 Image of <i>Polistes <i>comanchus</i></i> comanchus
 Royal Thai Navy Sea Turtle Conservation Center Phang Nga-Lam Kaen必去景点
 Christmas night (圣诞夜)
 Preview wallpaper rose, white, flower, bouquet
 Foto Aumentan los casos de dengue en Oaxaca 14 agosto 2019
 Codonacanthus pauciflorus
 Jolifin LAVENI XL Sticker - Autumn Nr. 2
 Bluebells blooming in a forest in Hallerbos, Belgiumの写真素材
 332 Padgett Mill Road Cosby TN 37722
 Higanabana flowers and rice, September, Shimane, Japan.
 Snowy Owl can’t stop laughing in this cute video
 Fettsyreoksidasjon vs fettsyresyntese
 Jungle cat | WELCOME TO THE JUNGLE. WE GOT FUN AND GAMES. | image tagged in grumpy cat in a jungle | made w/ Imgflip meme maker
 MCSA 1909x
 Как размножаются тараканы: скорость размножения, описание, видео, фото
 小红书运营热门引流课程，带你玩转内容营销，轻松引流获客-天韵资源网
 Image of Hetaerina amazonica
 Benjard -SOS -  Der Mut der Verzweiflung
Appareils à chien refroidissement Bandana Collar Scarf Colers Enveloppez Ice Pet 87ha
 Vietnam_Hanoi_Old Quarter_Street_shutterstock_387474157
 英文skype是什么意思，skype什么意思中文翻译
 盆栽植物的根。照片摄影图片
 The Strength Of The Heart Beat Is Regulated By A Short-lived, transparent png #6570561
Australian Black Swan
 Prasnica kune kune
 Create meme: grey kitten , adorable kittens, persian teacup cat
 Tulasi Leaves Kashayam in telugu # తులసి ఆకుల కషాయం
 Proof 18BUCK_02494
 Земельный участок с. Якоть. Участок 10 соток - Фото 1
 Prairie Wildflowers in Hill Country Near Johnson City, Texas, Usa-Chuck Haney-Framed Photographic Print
────────
- **Aim of the exercise**:
Write out exactly the lines from the line with "Jolifin LAVENI XL Sticker - Autumn Nr. 2" to the close of the listing above, including both of those lines.

- **Answer space**:
 Jolifin LAVENI XL Sticker - Autumn Nr. 2
 Bluebells blooming in a forest in Hallerbos, Belgiumの写真素材
 332 Padgett Mill Road Cosby TN 37722
 Higanabana flowers and rice, September, Shimane, Japan.
 Snowy Owl can’t stop laughing in this cute video
 Fettsyreoksidasjon vs fettsyresyntese
 Jungle cat | WELCOME TO THE JUNGLE. WE GOT FUN AND GAMES. | image tagged in grumpy cat in a jungle | made w/ Imgflip meme maker
 MCSA 1909x
 Как размножаются тараканы: скорость размножения, описание, видео, фото
 小红书运营热门引流课程，带你玩转内容营销，轻松引流获客-天韵资源网
 Image of Hetaerina amazonica
 Benjard -SOS -  Der Mut der Verzweiflung
Appareils à chien refroidissement Bandana Collar Scarf Colers Enveloppez Ice Pet 87ha
 Vietnam_Hanoi_Old Quarter_Street_shutterstock_387474157
 英文skype是什么意思，skype什么意思中文翻译
 盆栽植物的根。照片摄影图片
 The Strength Of The Heart Beat Is Regulated By A Short-lived, transparent png #6570561
Australian Black Swan
 Prasnica kune kune
 Create meme: grey kitten , adorable kittens, persian teacup cat
 Tulasi Leaves Kashayam in telugu # తులసి ఆకుల కషాయం
 Proof 18BUCK_02494
 Земельный участок с. Якоть. Участок 10 соток - Фото 1
 Prairie Wildflowers in Hill Country Near Johnson City, Texas, Usa-Chuck Haney-Framed Photographic Print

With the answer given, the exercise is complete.